[Requirement] Nothing but the lines from the one with "Здесь почти как" down to the one with "نصف مليون طالب" should be returned, exactly and with both ends included, from the material below.

Input for this task START

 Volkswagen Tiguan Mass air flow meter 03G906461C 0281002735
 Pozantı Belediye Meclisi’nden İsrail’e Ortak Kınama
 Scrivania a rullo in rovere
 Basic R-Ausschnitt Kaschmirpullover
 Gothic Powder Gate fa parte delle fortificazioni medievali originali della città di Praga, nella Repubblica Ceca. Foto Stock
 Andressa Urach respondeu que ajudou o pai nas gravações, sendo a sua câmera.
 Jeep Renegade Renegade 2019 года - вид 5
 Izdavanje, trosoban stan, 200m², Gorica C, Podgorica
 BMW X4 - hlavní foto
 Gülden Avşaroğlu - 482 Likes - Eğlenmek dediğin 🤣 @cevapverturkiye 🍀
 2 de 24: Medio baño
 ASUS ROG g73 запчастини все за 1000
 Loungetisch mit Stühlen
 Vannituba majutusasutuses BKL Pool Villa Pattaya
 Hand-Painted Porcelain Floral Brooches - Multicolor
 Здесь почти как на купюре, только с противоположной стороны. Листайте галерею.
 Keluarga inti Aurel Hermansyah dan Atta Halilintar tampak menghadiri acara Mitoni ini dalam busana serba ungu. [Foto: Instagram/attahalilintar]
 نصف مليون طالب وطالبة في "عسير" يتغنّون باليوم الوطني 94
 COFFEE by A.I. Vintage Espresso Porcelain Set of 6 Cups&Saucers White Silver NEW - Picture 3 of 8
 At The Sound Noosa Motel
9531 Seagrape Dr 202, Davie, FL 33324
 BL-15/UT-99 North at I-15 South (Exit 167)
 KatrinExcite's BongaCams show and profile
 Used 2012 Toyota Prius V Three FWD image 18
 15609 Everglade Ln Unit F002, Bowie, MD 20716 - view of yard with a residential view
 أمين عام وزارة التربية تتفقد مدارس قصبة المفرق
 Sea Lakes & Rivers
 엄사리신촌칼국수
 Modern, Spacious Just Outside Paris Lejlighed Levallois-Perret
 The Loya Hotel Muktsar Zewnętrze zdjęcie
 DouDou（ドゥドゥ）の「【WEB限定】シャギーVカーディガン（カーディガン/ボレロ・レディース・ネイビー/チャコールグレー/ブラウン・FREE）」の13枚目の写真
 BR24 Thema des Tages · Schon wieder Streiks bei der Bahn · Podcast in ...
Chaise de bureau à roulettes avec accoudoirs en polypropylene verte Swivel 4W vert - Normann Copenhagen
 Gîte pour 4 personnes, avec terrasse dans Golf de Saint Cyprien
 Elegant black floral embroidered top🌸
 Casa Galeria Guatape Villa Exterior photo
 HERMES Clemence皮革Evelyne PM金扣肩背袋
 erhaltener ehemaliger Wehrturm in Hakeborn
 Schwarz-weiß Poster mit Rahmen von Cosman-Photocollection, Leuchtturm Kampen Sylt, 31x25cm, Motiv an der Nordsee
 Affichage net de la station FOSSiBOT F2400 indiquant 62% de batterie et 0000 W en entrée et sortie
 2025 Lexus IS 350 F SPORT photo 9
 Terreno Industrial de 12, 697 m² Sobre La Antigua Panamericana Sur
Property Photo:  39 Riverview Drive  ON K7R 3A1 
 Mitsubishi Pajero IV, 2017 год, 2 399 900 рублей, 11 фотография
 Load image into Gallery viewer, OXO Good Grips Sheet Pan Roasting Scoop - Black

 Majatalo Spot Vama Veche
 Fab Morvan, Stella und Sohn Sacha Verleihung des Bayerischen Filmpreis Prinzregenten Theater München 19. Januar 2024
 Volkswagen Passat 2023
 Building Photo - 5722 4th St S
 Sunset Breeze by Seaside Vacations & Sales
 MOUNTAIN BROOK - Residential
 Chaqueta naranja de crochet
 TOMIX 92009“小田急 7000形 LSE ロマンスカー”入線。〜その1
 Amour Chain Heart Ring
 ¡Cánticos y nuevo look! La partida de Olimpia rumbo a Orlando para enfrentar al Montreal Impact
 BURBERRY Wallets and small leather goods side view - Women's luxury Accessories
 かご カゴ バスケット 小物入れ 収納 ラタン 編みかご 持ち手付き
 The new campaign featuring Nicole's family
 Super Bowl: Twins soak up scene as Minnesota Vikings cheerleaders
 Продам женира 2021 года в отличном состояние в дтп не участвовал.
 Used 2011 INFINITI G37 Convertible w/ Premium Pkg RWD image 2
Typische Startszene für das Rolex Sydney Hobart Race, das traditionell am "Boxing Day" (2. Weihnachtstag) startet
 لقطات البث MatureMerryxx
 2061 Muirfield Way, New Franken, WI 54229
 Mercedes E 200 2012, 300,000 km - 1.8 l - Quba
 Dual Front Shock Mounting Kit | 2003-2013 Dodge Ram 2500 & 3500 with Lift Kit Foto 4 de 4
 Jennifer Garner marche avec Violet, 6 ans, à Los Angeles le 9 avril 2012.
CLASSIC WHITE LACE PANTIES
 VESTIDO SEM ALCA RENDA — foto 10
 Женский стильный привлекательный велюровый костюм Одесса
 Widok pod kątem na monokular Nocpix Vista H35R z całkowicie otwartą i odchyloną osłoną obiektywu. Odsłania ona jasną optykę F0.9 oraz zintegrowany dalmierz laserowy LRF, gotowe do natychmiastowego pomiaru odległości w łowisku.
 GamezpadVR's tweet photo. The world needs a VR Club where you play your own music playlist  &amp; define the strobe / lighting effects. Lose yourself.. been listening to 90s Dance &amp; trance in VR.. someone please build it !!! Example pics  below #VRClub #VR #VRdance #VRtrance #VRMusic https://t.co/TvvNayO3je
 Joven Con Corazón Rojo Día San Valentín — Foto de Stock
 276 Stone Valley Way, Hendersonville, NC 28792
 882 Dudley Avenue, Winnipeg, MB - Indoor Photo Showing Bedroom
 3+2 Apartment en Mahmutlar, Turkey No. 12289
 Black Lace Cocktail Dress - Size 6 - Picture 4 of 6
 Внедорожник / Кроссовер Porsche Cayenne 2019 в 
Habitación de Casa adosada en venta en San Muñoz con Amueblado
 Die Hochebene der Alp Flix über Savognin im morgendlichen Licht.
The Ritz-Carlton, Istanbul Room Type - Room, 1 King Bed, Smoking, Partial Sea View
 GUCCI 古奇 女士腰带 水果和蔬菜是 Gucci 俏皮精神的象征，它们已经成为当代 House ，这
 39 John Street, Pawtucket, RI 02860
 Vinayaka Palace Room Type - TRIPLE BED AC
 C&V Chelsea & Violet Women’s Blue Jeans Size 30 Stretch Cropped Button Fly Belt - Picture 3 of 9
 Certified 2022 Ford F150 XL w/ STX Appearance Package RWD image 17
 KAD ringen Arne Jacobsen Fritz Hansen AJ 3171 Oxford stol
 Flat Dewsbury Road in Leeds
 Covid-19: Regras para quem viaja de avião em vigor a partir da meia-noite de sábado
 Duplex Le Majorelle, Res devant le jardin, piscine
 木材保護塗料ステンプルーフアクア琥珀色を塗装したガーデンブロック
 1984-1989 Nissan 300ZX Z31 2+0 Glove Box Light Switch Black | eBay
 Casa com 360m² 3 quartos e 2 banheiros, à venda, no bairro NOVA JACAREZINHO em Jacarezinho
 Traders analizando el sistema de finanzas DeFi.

Input for this task END

[Solution to this exercise]
 Здесь почти как на купюре, только с противоположной стороны. Листайте галерею.
 Keluarga inti Aurel Hermansyah dan Atta Halilintar tampak menghadiri acara Mitoni ini dalam busana serba ungu. [Foto: Instagram/attahalilintar]
 نصف مليون طالب وطالبة في "عسير" يتغنّون باليوم الوطني 94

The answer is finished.